I have a dataset of 100 observations and 5 numerical variables ($x_1, x_2, ..., x_{5}$) which I used to generate a linear model which to predict some value $y$. I plugged in some values into the model and got a result for $\hat{y}$.
I would like to calculate a 95% confidence interval for this value.
Using Python I get the following model summary:
Adj. R-squared: 0.892
F-statistic: 27.63
Prop(F-stat): 2.45e-18
coef std err t P>|t| [0.025 0.975]
const -12.71 3.713 -3.424 0.001 -20.156 -5.268
x1 0.29 0.255 1.134 0.262 -0.222 -0.800
x2 0.17 0.031 5.283 0.000 0.103 0.228
x3 0.44 0.089 4.970 0.000 0.262 0.617
x4 -0.47 0.194 -2.414 0.019 -0.856 -0.079
x5 0.36 0.226 1.587 0.118 -0.094 0.811
I am aware that in order to calculate a 95% confidence interval for a simple linear regression the formula is $\hat{\beta} \pm t_{0.95, f}\: \cdot \: \hat{\sigma}_{B_0}$ where $f$ is the degree of freedom and $\hat{\sigma}_{B_0}$ is the std err. But how do I calculate this for multiple linear regression?
You cannot compute it from the output you have available in the screenshot you pasted because that only provides the standard errors of the estimated coefficients while ignoring any covariance between them. In other words the variance of the predicted value cannot be simply computed combining the variances of the estimated coefficients because these are not independent.
In a Bayesian setting, what you are looking for is called posterior predictive distribution.

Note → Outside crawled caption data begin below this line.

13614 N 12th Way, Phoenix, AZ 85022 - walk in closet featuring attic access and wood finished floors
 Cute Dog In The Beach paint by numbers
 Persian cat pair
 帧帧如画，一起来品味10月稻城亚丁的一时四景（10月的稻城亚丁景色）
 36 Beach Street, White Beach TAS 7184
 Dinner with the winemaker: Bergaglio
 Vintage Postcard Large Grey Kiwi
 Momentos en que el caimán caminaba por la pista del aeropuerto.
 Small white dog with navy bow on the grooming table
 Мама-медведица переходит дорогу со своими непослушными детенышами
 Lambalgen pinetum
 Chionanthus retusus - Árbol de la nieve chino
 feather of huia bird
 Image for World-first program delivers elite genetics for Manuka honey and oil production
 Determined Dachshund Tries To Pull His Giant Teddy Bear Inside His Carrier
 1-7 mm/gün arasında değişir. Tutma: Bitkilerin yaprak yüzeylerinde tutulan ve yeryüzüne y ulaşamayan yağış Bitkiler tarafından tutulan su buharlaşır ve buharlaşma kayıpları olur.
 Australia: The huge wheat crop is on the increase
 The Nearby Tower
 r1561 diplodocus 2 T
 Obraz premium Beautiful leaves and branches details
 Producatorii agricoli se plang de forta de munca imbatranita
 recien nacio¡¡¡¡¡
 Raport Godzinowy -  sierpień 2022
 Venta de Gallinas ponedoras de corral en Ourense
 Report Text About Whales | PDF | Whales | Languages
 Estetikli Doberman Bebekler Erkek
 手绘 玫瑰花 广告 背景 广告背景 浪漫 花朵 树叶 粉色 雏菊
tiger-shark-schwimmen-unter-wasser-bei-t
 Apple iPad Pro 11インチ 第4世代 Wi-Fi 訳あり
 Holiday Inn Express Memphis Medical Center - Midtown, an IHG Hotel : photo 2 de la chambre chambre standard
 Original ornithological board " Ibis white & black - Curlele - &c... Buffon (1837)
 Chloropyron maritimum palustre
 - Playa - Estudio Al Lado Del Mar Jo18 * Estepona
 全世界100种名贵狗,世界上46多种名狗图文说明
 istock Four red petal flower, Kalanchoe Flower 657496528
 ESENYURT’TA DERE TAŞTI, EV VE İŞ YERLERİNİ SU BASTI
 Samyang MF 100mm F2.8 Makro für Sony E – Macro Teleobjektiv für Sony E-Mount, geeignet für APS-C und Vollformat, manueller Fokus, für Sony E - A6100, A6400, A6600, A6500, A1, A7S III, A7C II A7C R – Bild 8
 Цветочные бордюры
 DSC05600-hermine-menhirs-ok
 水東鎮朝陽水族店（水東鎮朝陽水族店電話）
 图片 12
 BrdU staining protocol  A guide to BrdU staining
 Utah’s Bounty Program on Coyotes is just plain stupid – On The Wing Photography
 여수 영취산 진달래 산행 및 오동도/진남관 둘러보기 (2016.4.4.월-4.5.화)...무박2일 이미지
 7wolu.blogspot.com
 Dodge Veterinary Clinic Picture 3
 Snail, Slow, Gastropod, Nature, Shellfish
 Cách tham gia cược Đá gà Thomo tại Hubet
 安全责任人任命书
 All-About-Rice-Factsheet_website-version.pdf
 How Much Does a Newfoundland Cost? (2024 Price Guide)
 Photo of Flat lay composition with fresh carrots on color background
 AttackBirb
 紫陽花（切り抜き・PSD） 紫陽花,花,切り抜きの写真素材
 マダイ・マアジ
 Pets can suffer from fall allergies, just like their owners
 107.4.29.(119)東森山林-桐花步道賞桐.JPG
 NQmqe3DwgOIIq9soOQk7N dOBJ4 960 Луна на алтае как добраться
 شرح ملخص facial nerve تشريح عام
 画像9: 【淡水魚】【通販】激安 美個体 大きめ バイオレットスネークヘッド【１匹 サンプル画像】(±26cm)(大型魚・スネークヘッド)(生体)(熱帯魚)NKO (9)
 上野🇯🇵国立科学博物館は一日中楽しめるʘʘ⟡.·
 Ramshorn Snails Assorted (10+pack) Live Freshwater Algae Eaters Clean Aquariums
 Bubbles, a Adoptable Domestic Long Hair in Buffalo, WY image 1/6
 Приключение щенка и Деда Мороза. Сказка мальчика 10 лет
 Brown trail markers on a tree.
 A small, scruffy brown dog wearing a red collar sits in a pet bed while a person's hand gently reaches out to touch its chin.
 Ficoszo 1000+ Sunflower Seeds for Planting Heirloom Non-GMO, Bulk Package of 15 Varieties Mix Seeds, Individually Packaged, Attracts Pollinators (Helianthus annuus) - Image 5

Assuming an improper prior $p(\beta, \sigma^2) \propto \frac1{\sigma^2}$ on the parameters and that your new test points are conditionally independent of your training data, given $\beta$ and $\sigma^2$, then you can find the distribution of new test points as described in [1]. In a nutshell, if you try to predict more than one new test point, the vector of these will follow a multivariate t distribution (since they will all depend on the estimated regression coefficients, the predicted test points will not be independent). If you are only interested in a single test point $\tilde y$, then the maths simplifies and following holds:
$$\frac{\tilde y - \tilde X \hat\beta}{\sqrt{h}} \sim t_{(T-K)}$$
where $T$ is the number of training examples, $K$ is the number of coefficients, $\tilde X$ is the row vector of regressors for the new point, and $\hat\beta$ and $h$ are as follows: \begin{align} \hat\beta &= (X' X)^{-1} X'y \\ s^2 &= \frac{1}{T-K} \, (y-X\hat\beta)'(y-X\hat\beta)\\ h &= \frac{1}{s^2 \, [1 + \tilde X(X' X)^{-1}\tilde X']}, \end{align} where $y$ is the $T\times 1$ vector of observations and $X$ is the $T \times K$ design matrix corresponding to your training data.
[1] Zellner, A.; Chetty, V. K., Prediction and decision problems in regression models from the Bayesian point of view, J. Am. Stat. Assoc. 60, 608-616 (1965). JSTOR.